* Aim of the exercise
Starting from the line containing "Hi, I'm the", give again every line through the end of the entries, word for word. Pictures stay out of the copy.
═══ Data to process ═══
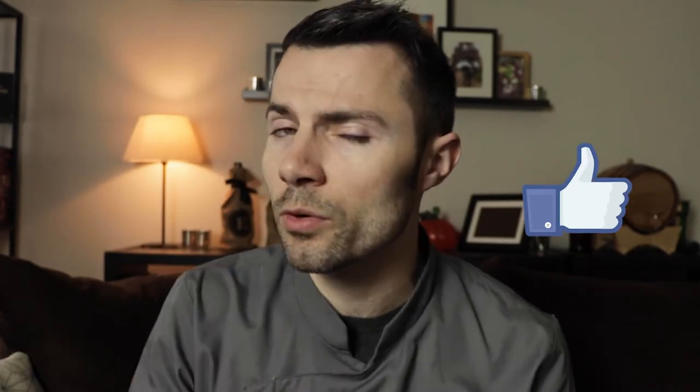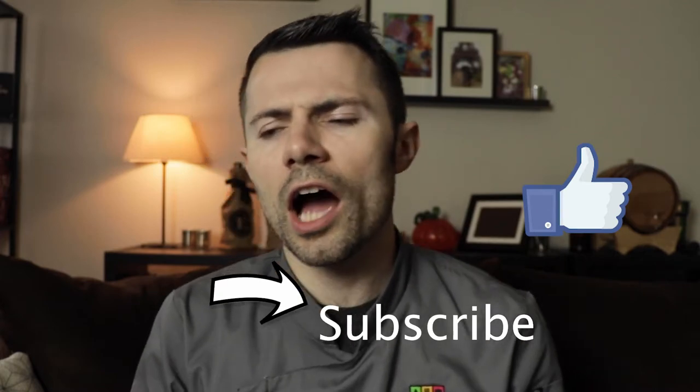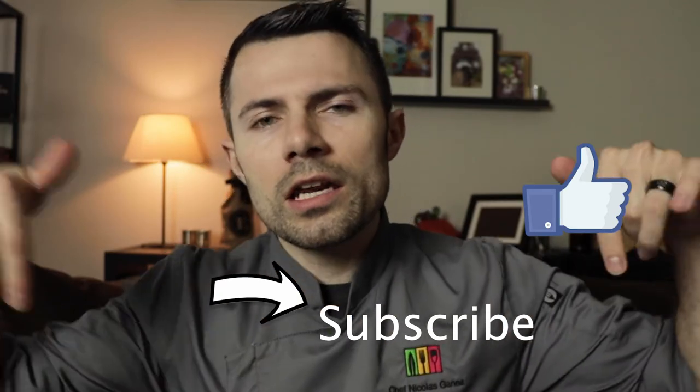Hope that answers your question. I'm Chef Nicholas Gnade. Don't forget to click the like button — this helps more than you know. If you have any other questions, underneath there are some links for you to read more — Wikipedia and the facts you need to know about the canning process, so you know a little more how it works and feel more comfortable realizing that a lot of this stuff is actually safe.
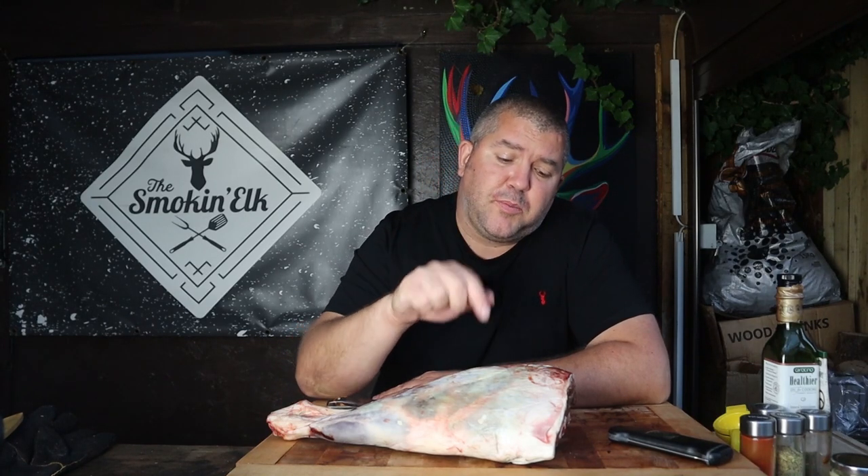Hi, I'm the Smokin' Elk. This is Love Lamb Week. Today I'm going to be cooking this beautiful leg of lamb over fire on the rotisserie with some lovely Greek flavours on there. It's going to be beautiful. Let's crack on.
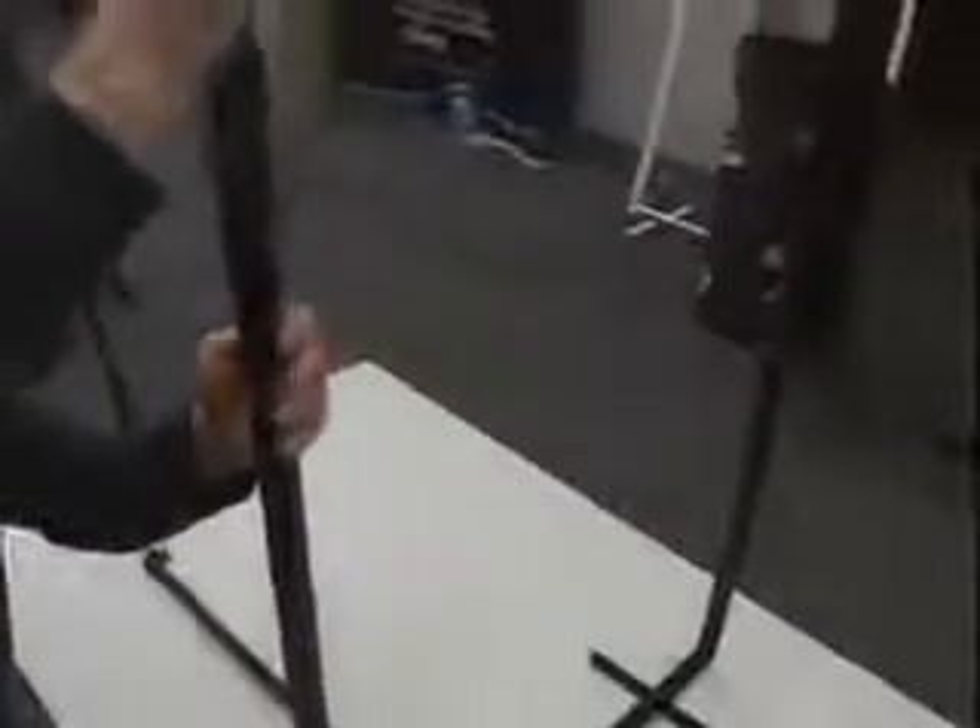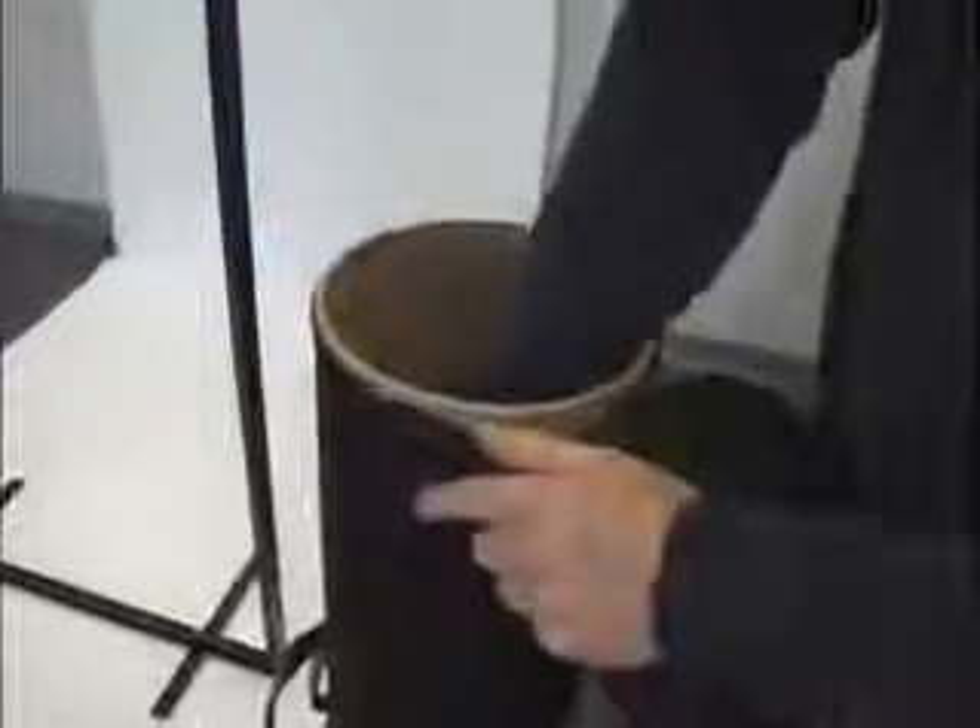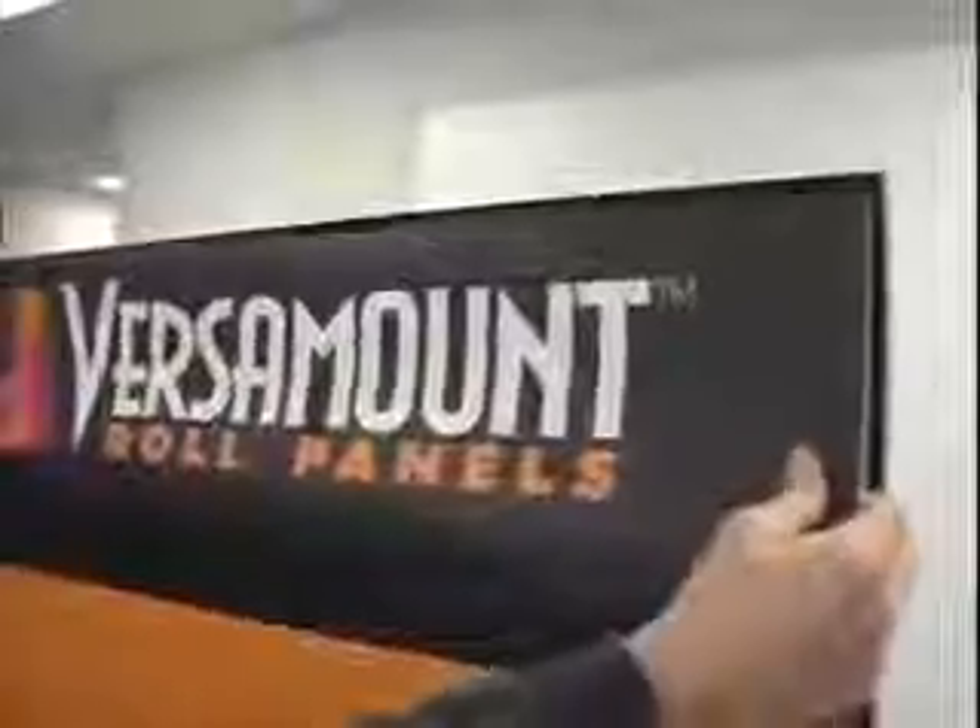It sets up in about a minute. It's great for trade shows and presentations. I'll see you next time.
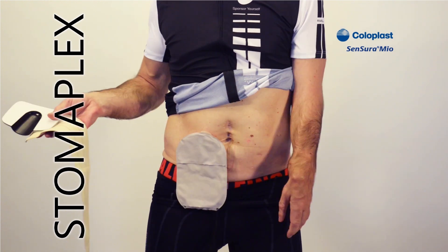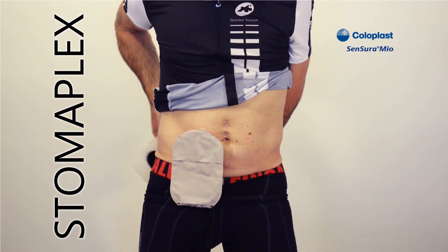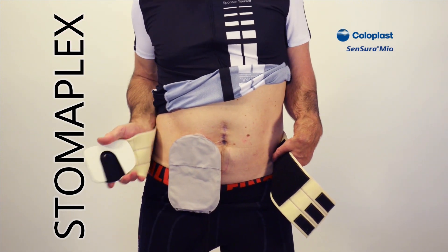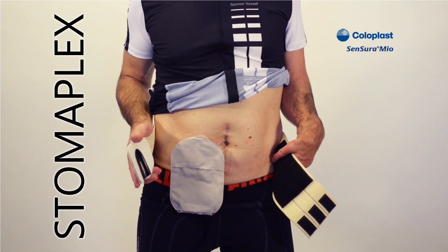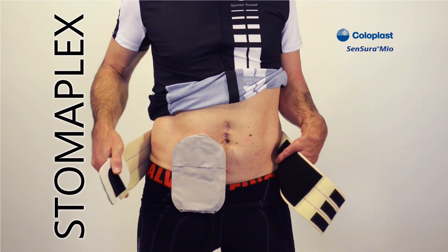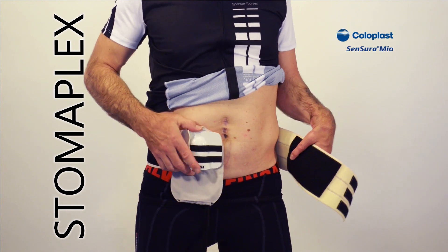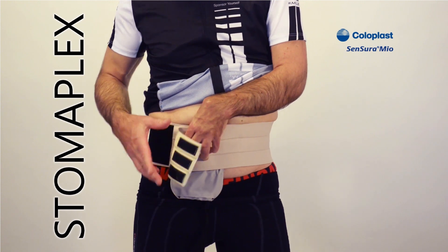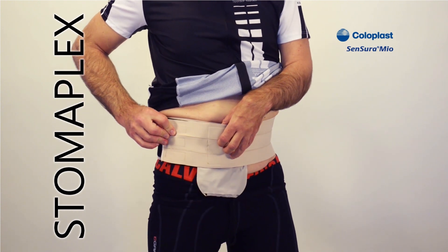So now you have one piece of assembly. Bring the belt around to the back, line up the guard over the ostomy, and place the white pad onto the plastic ring of the ostomy pouch and appliance, just like this. Bring the straps around — it's going to be a little bit tighter — and then attach them on each side. And now you're all set.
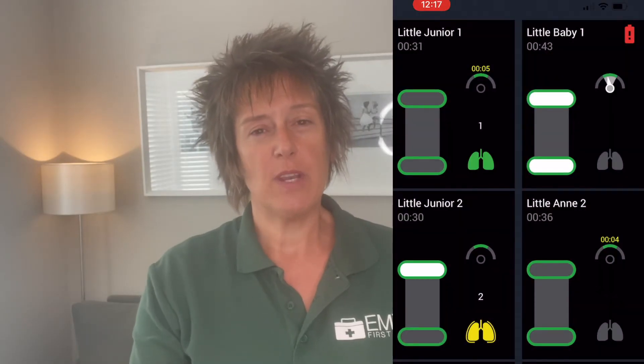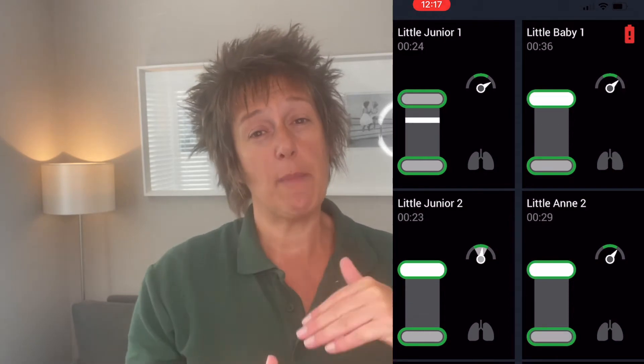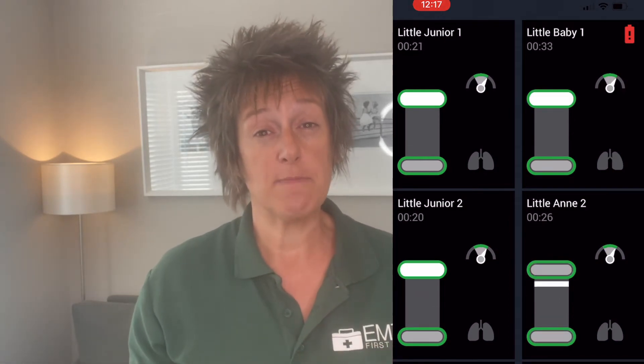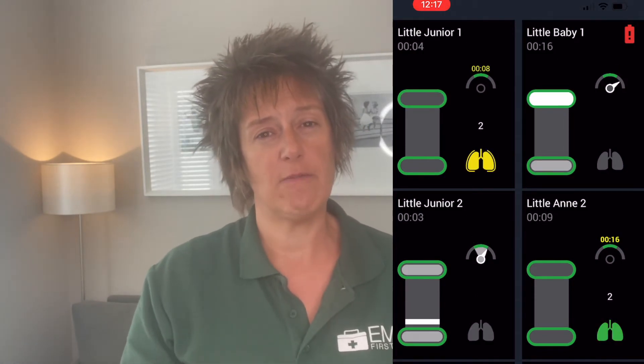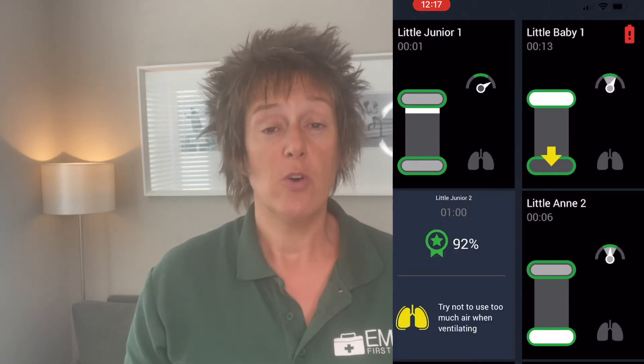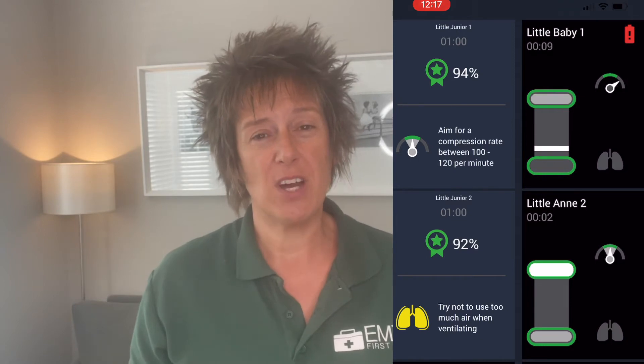This icon on screen will show learners if they're pushing deep enough, if they're coming up enough, and if they're going at the correct speed — which is 100 to 120 beats per minute. It will also show how long they are off the mannequin, so how long it takes them to do rescue breaths. Ideally you don't want to take more than five seconds to do rescue breaths, so it gives a timer, and it tells you how effective the rescue breaths are — whether inflating too much, not enough, or whether any air went in at all.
═══
* Answer to this exercise
Hi, I'm the Smokin' Elk. This is Love Lamb Week. Today I'm going to be cooking this beautiful leg of lamb over fire on the rotisserie with some lovely Greek flavours on there. It's going to be beautiful. Let's crack on.
It sets up in about a minute. It's great for trade shows and presentations. I'll see you next time.
So now you have one piece of assembly. Bring the belt around to the back, line up the guard over the ostomy, and place the white pad onto the plastic ring of the ostomy pouch and appliance, just like this. Bring the straps around — it's going to be a little bit tighter — and then attach them on each side. And now you're all set.
This icon on screen will show learners if they're pushing deep enough, if they're coming up enough, and if they're going at the correct speed — which is 100 to 120 beats per minute. It will also show how long they are off the mannequin, so how long it takes them to do rescue breaths. Ideally you don't want to take more than five seconds to do rescue breaths, so it gives a timer, and it tells you how effective the rescue breaths are — whether inflating too much, not enough, or whether any air went in at all.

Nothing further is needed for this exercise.